Records drawn from a dataset
....
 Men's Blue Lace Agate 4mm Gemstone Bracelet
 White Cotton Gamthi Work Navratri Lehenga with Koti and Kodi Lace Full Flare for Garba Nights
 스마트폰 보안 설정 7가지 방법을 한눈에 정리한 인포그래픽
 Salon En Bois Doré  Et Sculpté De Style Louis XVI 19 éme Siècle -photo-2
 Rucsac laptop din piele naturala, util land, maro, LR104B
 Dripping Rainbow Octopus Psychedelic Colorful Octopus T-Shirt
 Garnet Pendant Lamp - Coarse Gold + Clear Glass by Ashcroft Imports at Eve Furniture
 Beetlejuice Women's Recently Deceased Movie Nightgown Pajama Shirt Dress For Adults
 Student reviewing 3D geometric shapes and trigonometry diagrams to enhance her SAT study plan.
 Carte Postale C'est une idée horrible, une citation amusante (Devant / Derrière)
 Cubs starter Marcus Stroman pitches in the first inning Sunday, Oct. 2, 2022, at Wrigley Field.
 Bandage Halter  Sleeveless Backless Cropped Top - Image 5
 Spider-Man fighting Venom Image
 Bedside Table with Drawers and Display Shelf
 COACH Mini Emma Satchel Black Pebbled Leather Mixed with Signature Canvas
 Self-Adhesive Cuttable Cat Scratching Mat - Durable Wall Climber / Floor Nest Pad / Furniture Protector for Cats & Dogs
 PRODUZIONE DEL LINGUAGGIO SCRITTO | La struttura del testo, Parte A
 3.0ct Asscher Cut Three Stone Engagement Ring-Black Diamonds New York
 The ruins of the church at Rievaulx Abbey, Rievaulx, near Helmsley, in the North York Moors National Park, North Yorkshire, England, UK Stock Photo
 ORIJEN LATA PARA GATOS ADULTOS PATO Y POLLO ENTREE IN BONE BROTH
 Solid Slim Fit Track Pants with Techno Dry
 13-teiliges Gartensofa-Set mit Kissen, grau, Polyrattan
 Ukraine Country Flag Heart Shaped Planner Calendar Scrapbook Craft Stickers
....
* _Exercise details_: The line containing "Carte Postale C'est" opens the range, and the last line of the entries closes it; copy that range exactly.

* _Response_:
 Carte Postale C'est une idée horrible, une citation amusante (Devant / Derrière)
 Cubs starter Marcus Stroman pitches in the first inning Sunday, Oct. 2, 2022, at Wrigley Field.
 Bandage Halter  Sleeveless Backless Cropped Top - Image 5
 Spider-Man fighting Venom Image
 Bedside Table with Drawers and Display Shelf
 COACH Mini Emma Satchel Black Pebbled Leather Mixed with Signature Canvas
 Self-Adhesive Cuttable Cat Scratching Mat - Durable Wall Climber / Floor Nest Pad / Furniture Protector for Cats & Dogs
 PRODUZIONE DEL LINGUAGGIO SCRITTO | La struttura del testo, Parte A
 3.0ct Asscher Cut Three Stone Engagement Ring-Black Diamonds New York
 The ruins of the church at Rievaulx Abbey, Rievaulx, near Helmsley, in the North York Moors National Park, North Yorkshire, England, UK Stock Photo
 ORIJEN LATA PARA GATOS ADULTOS PATO Y POLLO ENTREE IN BONE BROTH
 Solid Slim Fit Track Pants with Techno Dry
 13-teiliges Gartensofa-Set mit Kissen, grau, Polyrattan
 Ukraine Country Flag Heart Shaped Planner Calendar Scrapbook Craft Stickers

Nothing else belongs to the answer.